> **YOUR OBJECTIVE**
Copy out exactly the stretch of the listing below that begins at the line containing "302 Morgan Road" and ends at the line containing "48 East Ave", and copy nothing outside it.

> **DATA**
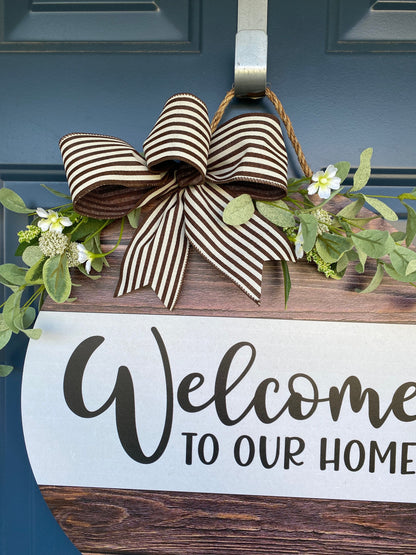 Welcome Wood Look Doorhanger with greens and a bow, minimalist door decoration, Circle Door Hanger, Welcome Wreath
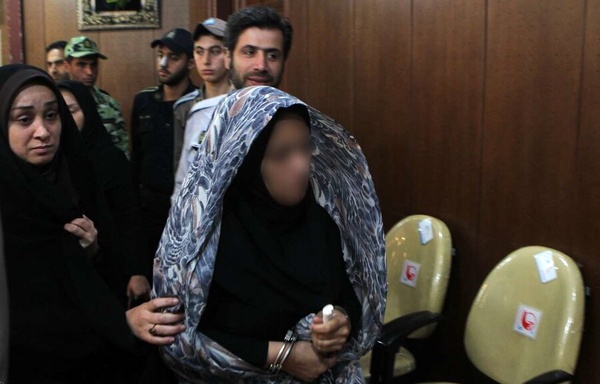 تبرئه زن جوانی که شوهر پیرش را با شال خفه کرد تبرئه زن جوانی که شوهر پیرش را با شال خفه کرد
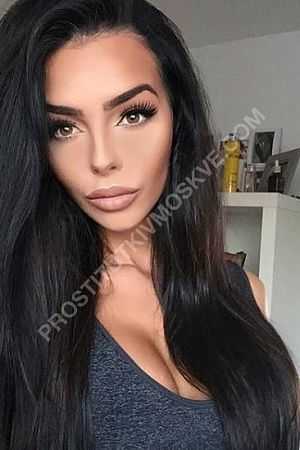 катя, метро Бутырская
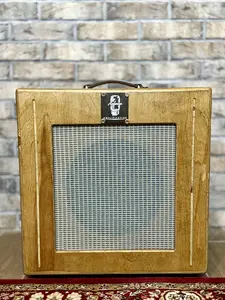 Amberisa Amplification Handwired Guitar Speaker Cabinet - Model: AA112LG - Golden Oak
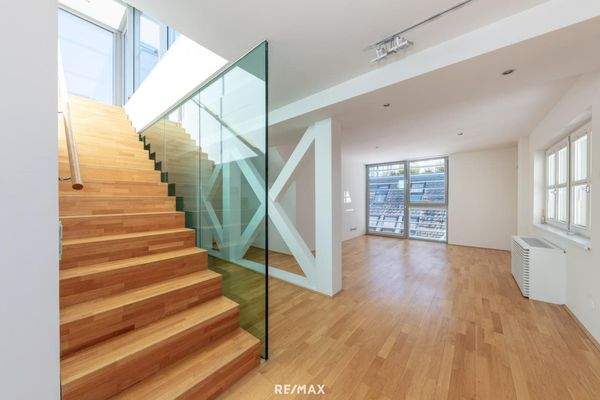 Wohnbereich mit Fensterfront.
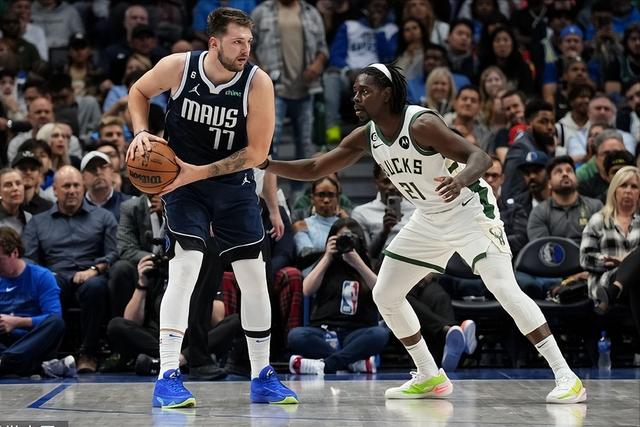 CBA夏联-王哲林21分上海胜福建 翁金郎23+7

...

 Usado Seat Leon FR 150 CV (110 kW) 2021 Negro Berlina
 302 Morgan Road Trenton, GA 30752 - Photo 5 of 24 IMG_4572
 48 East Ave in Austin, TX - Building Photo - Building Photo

> **FINISHED EXERCISE**
 302 Morgan Road Trenton, GA 30752 - Photo 5 of 24 IMG_4572
 48 East Ave in Austin, TX - Building Photo - Building Photo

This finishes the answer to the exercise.